How Inequity and Deservingness Propel Readers Through Story

Inequity and deservingness are two of the main factors that keep readers reading. If we want to write killer stories, we need to know how they affect readers. A few years ago I wrote an essay on this and thought it probably too technical for most folks’ taste. But I passed it on to a recent attendee of the killer workshop and he found it helpful. In fact, when he watched Pride & Prejudice shortly after reading the essay, he saw how these factors dramatically affected his rooting interest. So I’m thinking others will find it useful as well. 

In order to understand it you must first read George Saunders’ short story “The Bohemians.” You’ll find it here in The New Yorker, January 19, 2004. It would probably be rated PG for some profanity.

Now if the story doesn’t pull you in, stop reading. Because the essay probably won’t make any sense to you. You’ll only be able to understand it if the story works for you. But if it does, then ask yourself what the main character’s problem was and what drew your interest? Then read my essay, “How Inequity Evokes Reader Interest.”

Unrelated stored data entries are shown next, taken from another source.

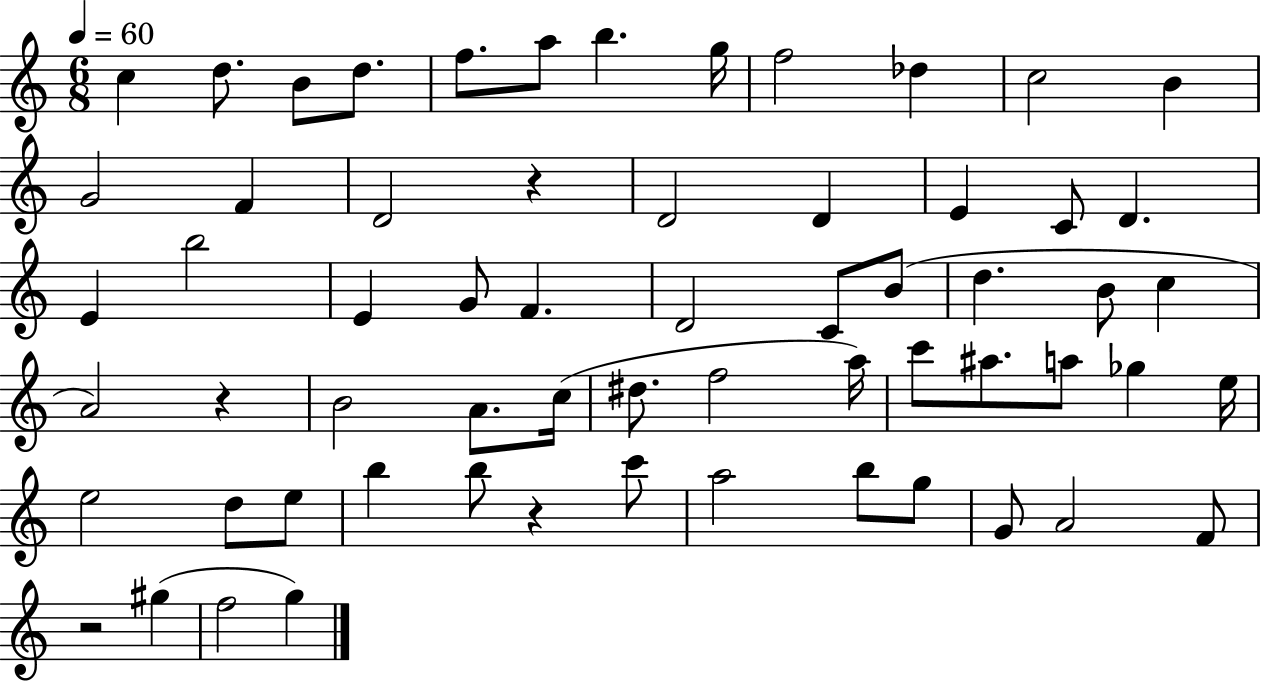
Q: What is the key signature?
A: C major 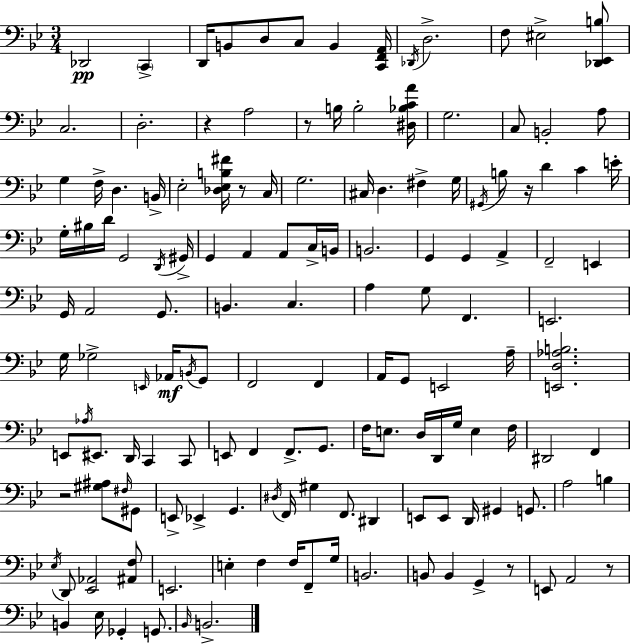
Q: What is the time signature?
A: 3/4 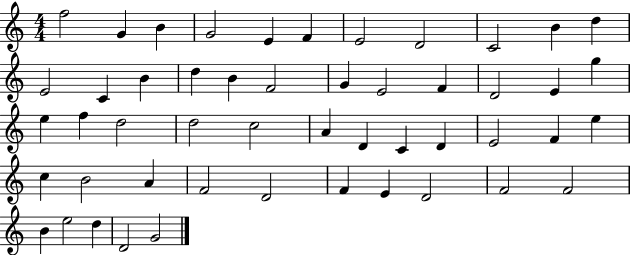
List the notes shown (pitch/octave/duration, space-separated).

F5/h G4/q B4/q G4/h E4/q F4/q E4/h D4/h C4/h B4/q D5/q E4/h C4/q B4/q D5/q B4/q F4/h G4/q E4/h F4/q D4/h E4/q G5/q E5/q F5/q D5/h D5/h C5/h A4/q D4/q C4/q D4/q E4/h F4/q E5/q C5/q B4/h A4/q F4/h D4/h F4/q E4/q D4/h F4/h F4/h B4/q E5/h D5/q D4/h G4/h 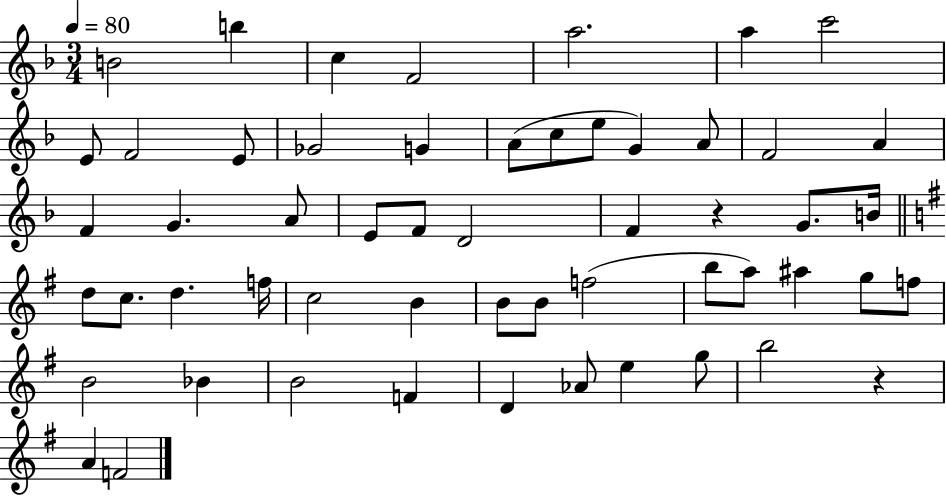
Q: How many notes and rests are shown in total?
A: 55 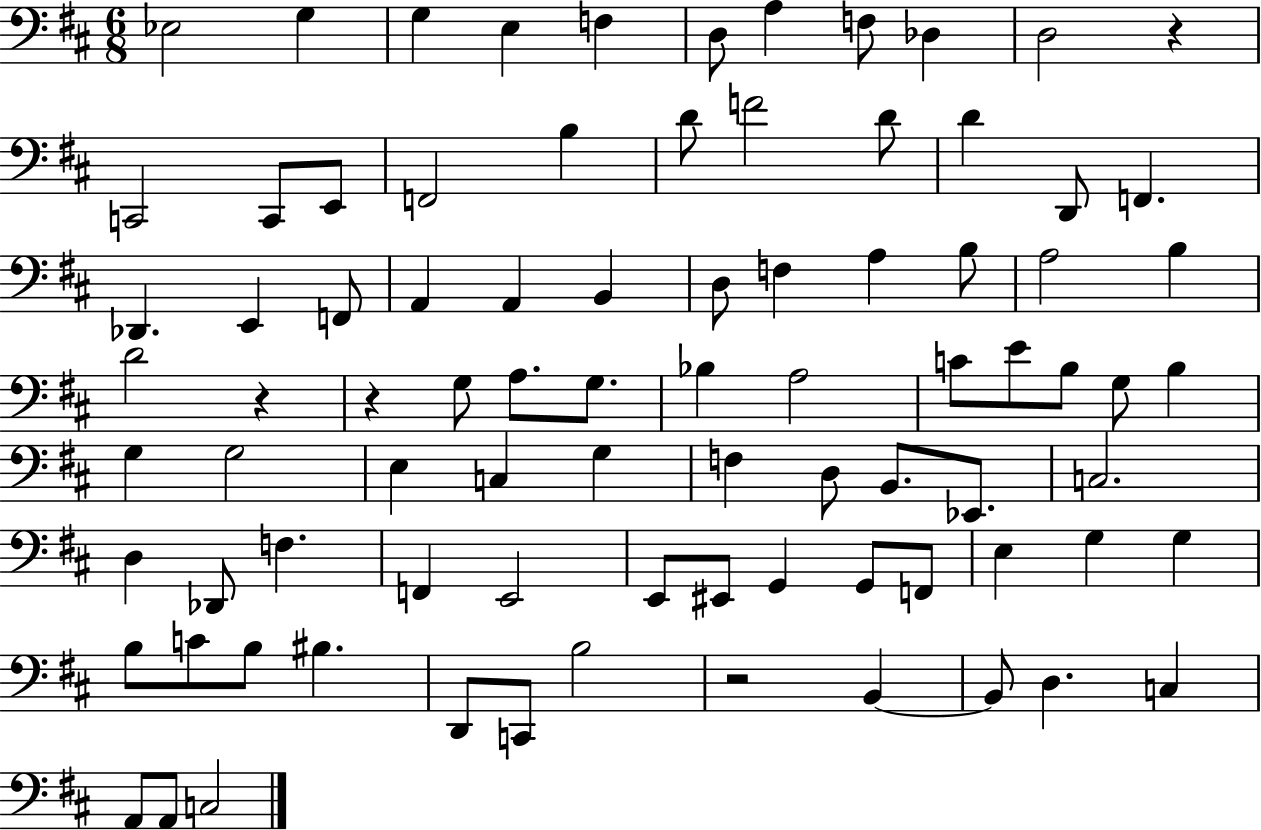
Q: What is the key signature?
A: D major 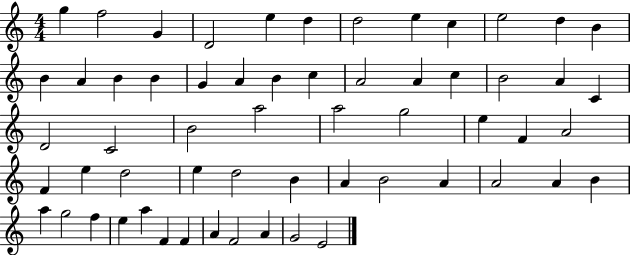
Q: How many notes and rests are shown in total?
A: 59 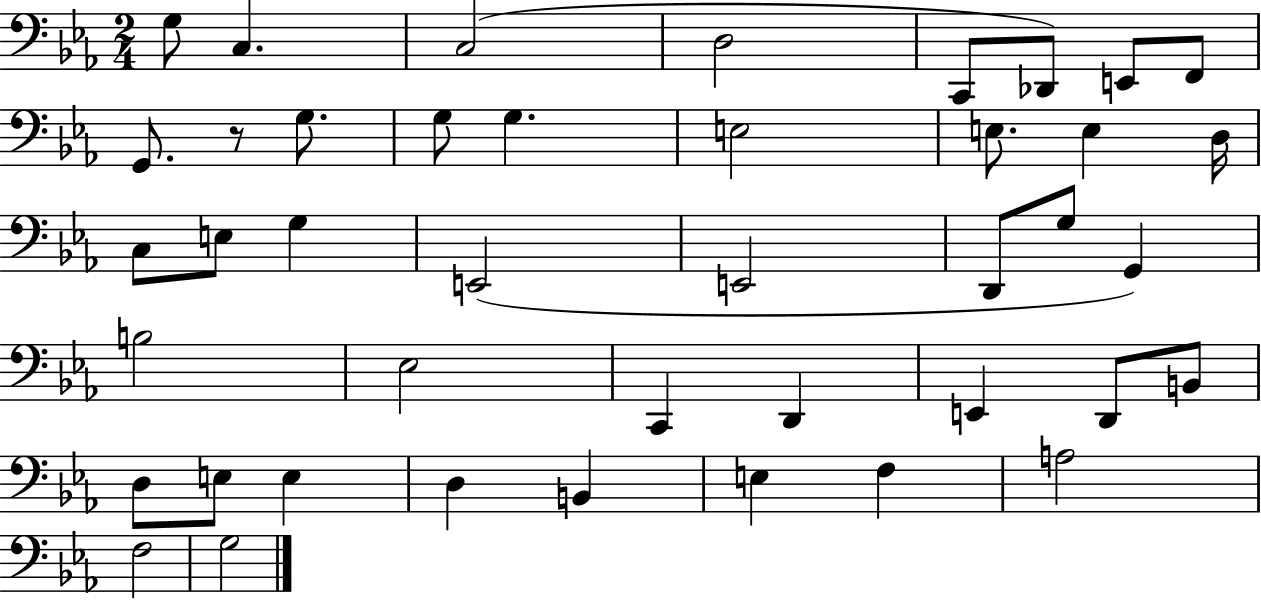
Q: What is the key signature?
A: EES major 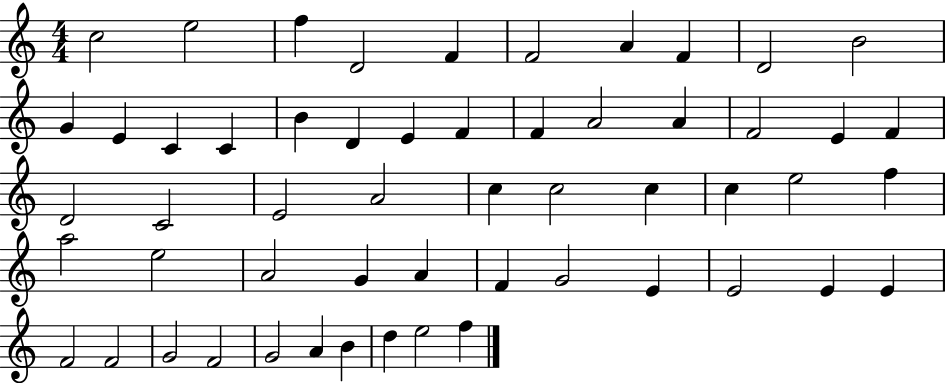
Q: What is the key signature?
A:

Please note “The Bohemians” does present a character with a problem, and the story cycle applies, but not in the straight-forward manner it does with most stories. BTW, if you’ve ever read Patrick Rothfuss’s excellent Name of the Wind, you’ll see inequity is what shapes the story there as well. If you haven’t read it, I recommend you give it a go.

I’ll be interested to see your responses to Saunders’ story, my essay, and/or Rothfuss’s novel.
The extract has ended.